### Directions for this task:
Once the line containing "下乡收的清代端砚，做工精美，线条流畅，造型..." is found in the entries below, restate it and each following line word for word, stopping after the line containing "9520 Happy Canyon Dr — Photo 6".

### Extracted entries:
* * *
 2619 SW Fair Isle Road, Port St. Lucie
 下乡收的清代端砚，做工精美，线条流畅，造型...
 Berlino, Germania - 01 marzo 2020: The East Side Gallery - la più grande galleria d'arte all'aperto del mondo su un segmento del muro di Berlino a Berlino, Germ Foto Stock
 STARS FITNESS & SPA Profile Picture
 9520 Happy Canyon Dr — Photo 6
* * *
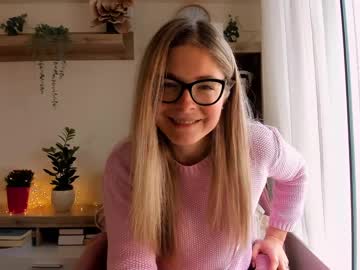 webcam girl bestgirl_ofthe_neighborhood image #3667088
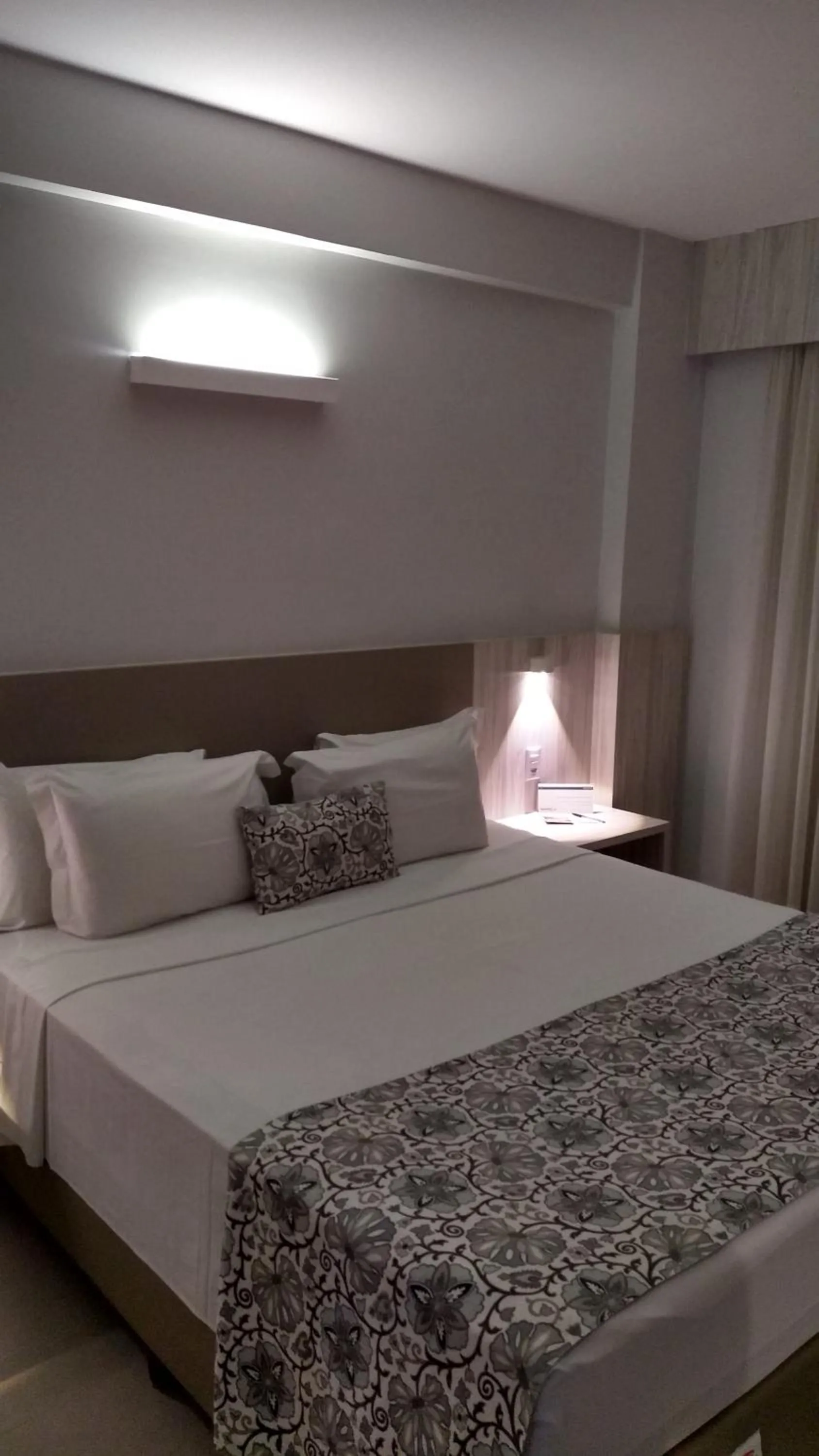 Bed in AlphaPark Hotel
* * *
### Output of the exercise:
 下乡收的清代端砚，做工精美，线条流畅，造型...
 Berlino, Germania - 01 marzo 2020: The East Side Gallery - la più grande galleria d'arte all'aperto del mondo su un segmento del muro di Berlino a Berlino, Germ Foto Stock
 STARS FITNESS & SPA Profile Picture
 9520 Happy Canyon Dr — Photo 6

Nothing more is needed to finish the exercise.